In diesem von Rainer H. damals geschenkten Buch finde ich beim Wiederlesen so manche übernommene Idee. Man könnte genauso gut Chinese sein.

Heute tragen die braunen Handgelenke der afrikanischen Boule-Spieler ein Mao-Abziehbild.

Man vergleiche den Fall seines alter ego Louis Bouilhet, der von China träumte und nie bis England kam.

Wir wissen, dass die Weltausstellung von 1851 seine unerwartete Zustimmung gewann – „eine sehr schöne Sache, obwohl alle Welt sie bewundert“ -, aber seine Aufzeichnungen über diesen ersten Besuch belaufen sich auf bloß sieben Seiten: zwei über das British Museum plus fünf über die chinesischen und indischen Abteilungen im Crystal Palace.

Sein bevorzugtes Regierungsmodell war ein chinesisches – das des Mandarinats; obwohl er ohne weiteres zugab, dass die Chancen, es in Frankreich einzuführen, äußerst gering seien. Sie halten das Mandarinat für einen Rückschritt?
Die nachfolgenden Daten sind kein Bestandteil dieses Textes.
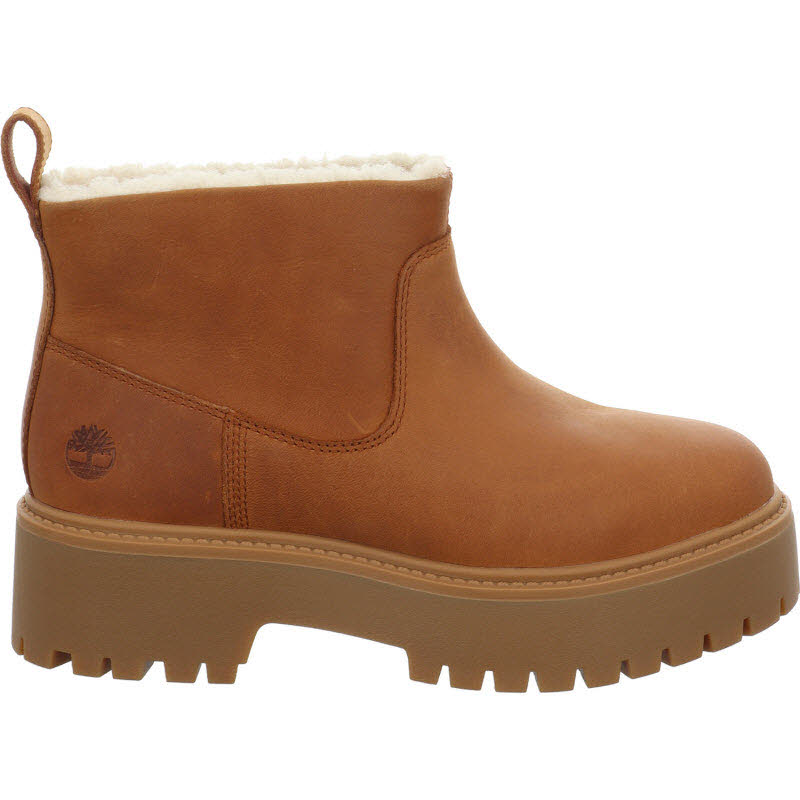 Timberland "STONE STREET MID WARM LINED BOOT"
„Ich bin im selben Maß Chinese wie Franzose“, erklärte Flaubert. Das heißt, auch nicht mehr Chinese: wäre er in Peking geboren worden, hätte er die dortigen Patrioten zweifellos auch enttäuscht.

Er versucht, wie gesagt, im selben Maß Chinese wie Franzose zu sein.

Verbrachte mit dem Schreiben von L’Idiot de la famille zehn Jahre, während deren er maoistische Traktate hätte schreiben können.

Flaubert erschien 1952 auf einer französischen Briefmarke (Wert 8 F + 2 F). Es ist ein nichtssagendes Portrait „nach E. Giraud“, auf dem der Romancier – dessen Züge leicht chinesisch anmuten – mit einem untypisch modernen Hemdkragen und Schlips ausstaffiert worden ist.